At the same time nothing about how this went down was consistent with some kind of troll ideal. My point is that if you really think your troll space is being invaded by SJWs, show them your best troll behavior, not your best imitation of SJW behavior.


----------



## ln18 (Jun 7, 2015)

I'm still surprised to see all this earnest genuine consciousness raising for the trans on the farms. Gonna make kiwifarms sunshine and rainbows of safe space through persuasive argument.

Where are the die hard autism reps to take the bravestand! and let everyone know it's actually kind of mean to yknow hold up autistics as objects of ridicule?


----------



## MrTroll (Jun 7, 2015)

creamyfanta said:


> To someone who has had a sex transition (as annoying as it sounds) misusing  a pronoun is super insulting  and totally degrading for them. It questions their entire identity. So I think at the very least for people who have fully had the transition, such as Cox, it is hateful  to use the wrong pronoun. You are essentially telling them that their entire person is incorrect. It is belittling. Thats my problem with it.
> 
> Ps. Sorry I broke the quote  idk how to fix it



I really think you need some perspective here. This is a forum devoted to making fun of people, most of whom have serious mental or psychological problems. It would be pretty silly to make a thread about someone (or post in such a thread) for the express purpose of laughing at and ridiculing them and at the same time worry about "degrading" them with the wrong pronoun.


----------



## creamyfanta (Jun 7, 2015)

If it walks and talks and looks like a woman, then I see no reason its not a woman. Or viceversa versa. Why are people so hung up on continuing  to use pronouns that are no longer accurate  descriptors? To anyone who sees Cox, she is female. Even a hot female. So by calling her a man it really is just confusing and inherently  incorrect, except for her past. Its just misleading.


----------



## HG 400 (Jun 7, 2015)

creamyfanta said:


> If it walks and talks and looks like a woman, then I see no reason its not a woman.

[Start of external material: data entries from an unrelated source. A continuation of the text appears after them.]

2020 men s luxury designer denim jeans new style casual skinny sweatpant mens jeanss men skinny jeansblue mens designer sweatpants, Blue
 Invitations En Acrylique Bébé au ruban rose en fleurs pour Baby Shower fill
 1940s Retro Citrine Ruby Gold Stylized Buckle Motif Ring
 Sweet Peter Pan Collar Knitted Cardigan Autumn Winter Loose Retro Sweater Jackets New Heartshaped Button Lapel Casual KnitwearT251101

I walk, talk and look like I'm not a white supremacist child-rapist in a death cult. Are you going to accept my self-appointed identity of normal-dude-who-totally-isn't-a-suicidal-nazi-child-molester and let me babysit your vulnerable mixed-race kids?


----------



## dabluearmedbandit (Jun 7, 2015)

creamyfanta said:


> If it walks and talks and looks like a woman, then I see no reason its not a woman. Or viceversa versa. Why are people so hung up on continuing  to use pronouns that are no longer accurate  descriptors? To anyone who sees Cox, she is female. Even a hot female. So by calling her a man it really is just confusing and inherently  incorrect, except for her past. Its just misleading.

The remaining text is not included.